La Dama siega las vidas más jóvenes como señal de una advertencia
Desvanecidas algunas de estas circunstancias históricas, la juventud, como resulta lógico, empezó a pensar que la muerte era algo que no podía afectarles a ellos y que sólo lo hacía a las personas que llevan a la Parca instalada en su senilidad y sus achaques. Pero lo que dijo Hazlitt no es casi nada si se compara con la indiferencia ante la muerte que experimentan hoy los colectivos jóvenes, más como colectivos que como individuos de la especie. La posibilidad de divertirse en todo momento, incluso en el trabajo gracias al carácter lúdico de las nuevas tecnologías; un uso atolondrado del lema del carpe diem -que significaba algo muy distinto de lo que ha acabado siendo-, o el carácter envolvente de las nuevas formas musicales y los festivales correspondientes -algo que ha generado un asombroso "olvido de sí mismo"- han conducido a la práctica totalidad de los jóvenes a la idea de que, ni en las más arriesgadas circunstancias, la muerte es algo que les incumba. Corre la juventud en busca de una diversión que parece no tener límites ni sombra alguna: la melancolía -ese preludio en sordina de la muerte insoslayable- ha desaparecido de su conciencia.

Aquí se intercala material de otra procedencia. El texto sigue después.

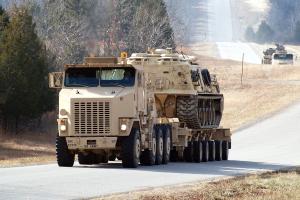 Німеччина передала Україні додаткові танкові тягачі Oshkosh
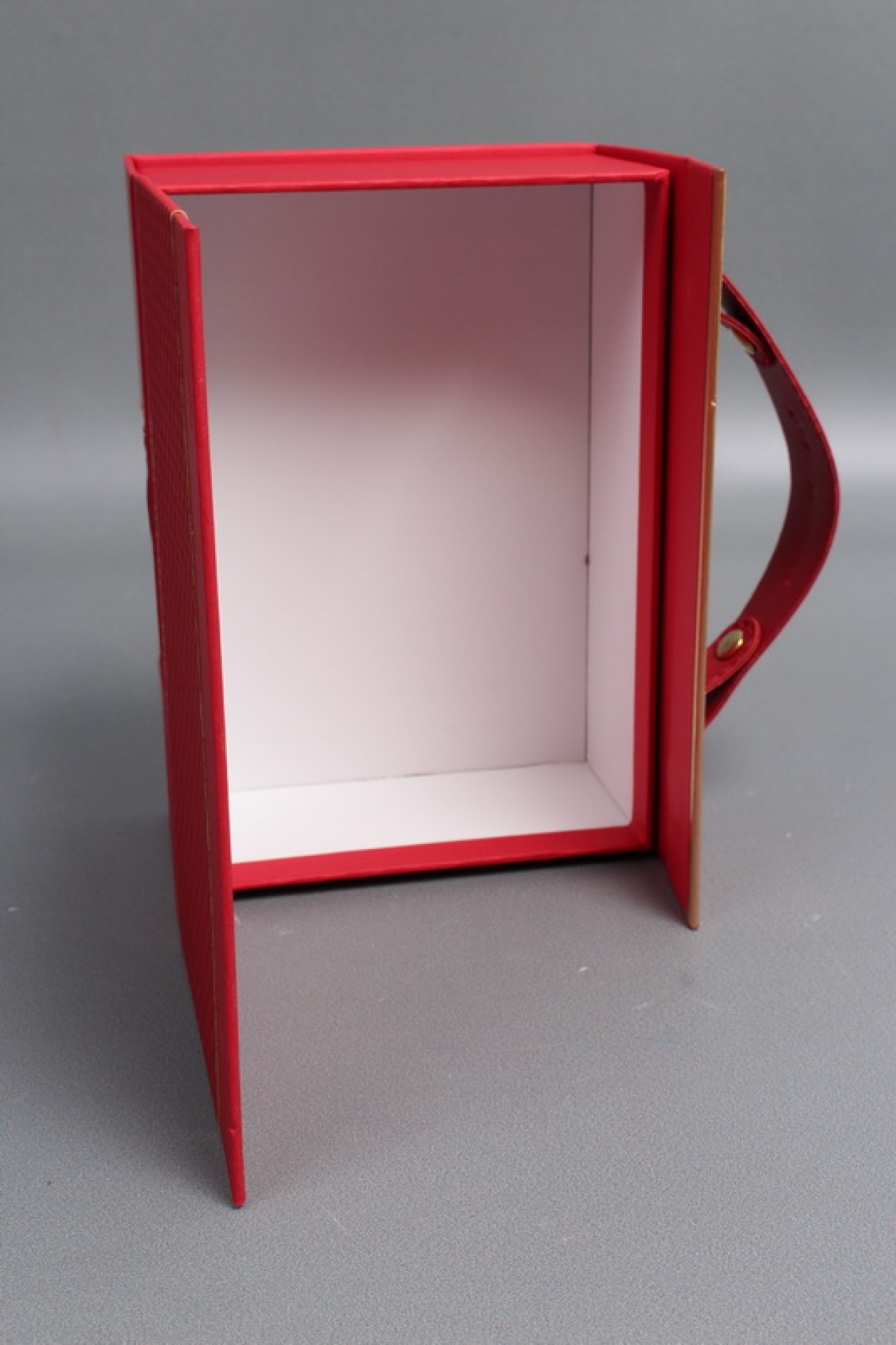 Коробка подарочная 18*13*7, красный  8055М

Pero en el momento menos pensado, como si quisiera aprovechar ese descuido de sus víctimas, la muerte ataca a una juventud que ni tenía la edad para sucumbir ante ella, ni merecía este destino adelantado. Burlándose de esta indiferencia ante su poder soberano, la Dama siega las vidas más jóvenes como señal de una advertencia que, como resulta patente, ni siquiera deja huellas en la conciencia de los adictos a la eternidad. Así la diversión se convierte en el heraldo de su contrario: la inmovilidad perpetua.